I know what you mean the products always seem to turn out too low. To illustrate that and eliminate some possibilities, any number of 7 or more digits cannot have all its primes grouped in single digits. At most a number with seven digits and grouped as single digit primes could be the product of seven sevens, or 7^7, which is 823,543 a six digit number. Look at the progression of 7's
(7)(7)=49
(7)(7)(7)=343
(7)(7)(7)(7)=2401
7^5= 16,807
7^6 = 117,649
7^7 = 823,543
Each time the exponent increases from n to n+1, there is less real estate in the n+1 digit numbers. n = 3, only 27% of the numbers are even possibilities. When n=4, around 16%; n = 5, 8% and so on...
Looking at it more analytically and remembering that if we add one to the floor of log (x) we get the number of digits in x, it is true for any single digit prime p, we must have log(p^n)>n-1. In the previous example p=7 and the inequality is not satisfied for all n>=7. It is a little late for me, so I might have slopped this up, but in general I think for any prime of b digits, log(p^n)>n/b-1. 97 is the highest two digit prime.
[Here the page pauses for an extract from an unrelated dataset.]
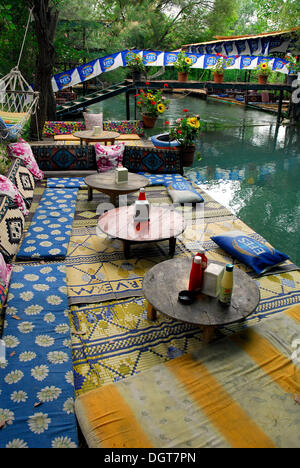 Restaurant-Terrasse am Fluss Esen Cay, Saklikent Canyon-Naturpark, Ak Daglar, Akdagi Berge Stockfoto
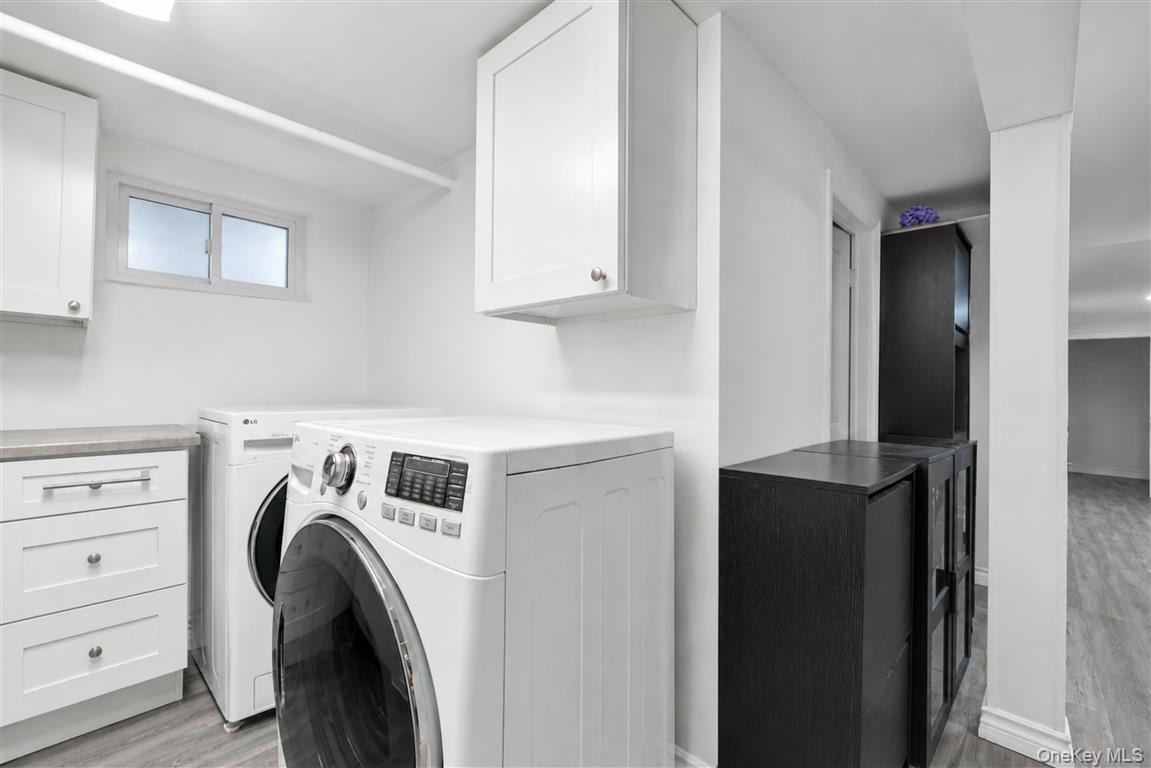 Single Family 185th Street  Queens, NY 11423, MLS-1011670-37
I wonder for what value of n the inequality will fail? That's all I have tonight.
I guess this problem has been kicking around in the back of my head long enough it now seems easy (I wish that would happen with my thesis!).
Given d+1 integers between 0 and 9, called a_0, ... a_d, let me write A=(a_d a_{d-1} ... a_0) for the number \sum_{i=0}^{d}a_i 10^i.
Consider the product obtained by splitting this digit string into (a_d ... a_s)(a_{s-1} ... a_0). So this is a product of a d-s+1 digit number and an s digit number (take s >= 1).
Now A=(a_d ... a_0) = 10^s(a_d ... a_s) + (a_{s-1} ... a_0) is at least as big as 10^s(a_d ... a_s). However, since 10^s is strictly bigger than (a_{s-1} ... a_0), A >= (a_d ... a_s)10^s > (a_d ... a_s)(a_{s-1} ... a_0).
So any integer is bigger than the product obtained by splitting it's decimal string into two pieces. It seems the general statement, splitting the decimal string into any number of pieces, follows by induction.
Really clever! I love this and you even got a more general fact. Sorry it took me so long to look this over.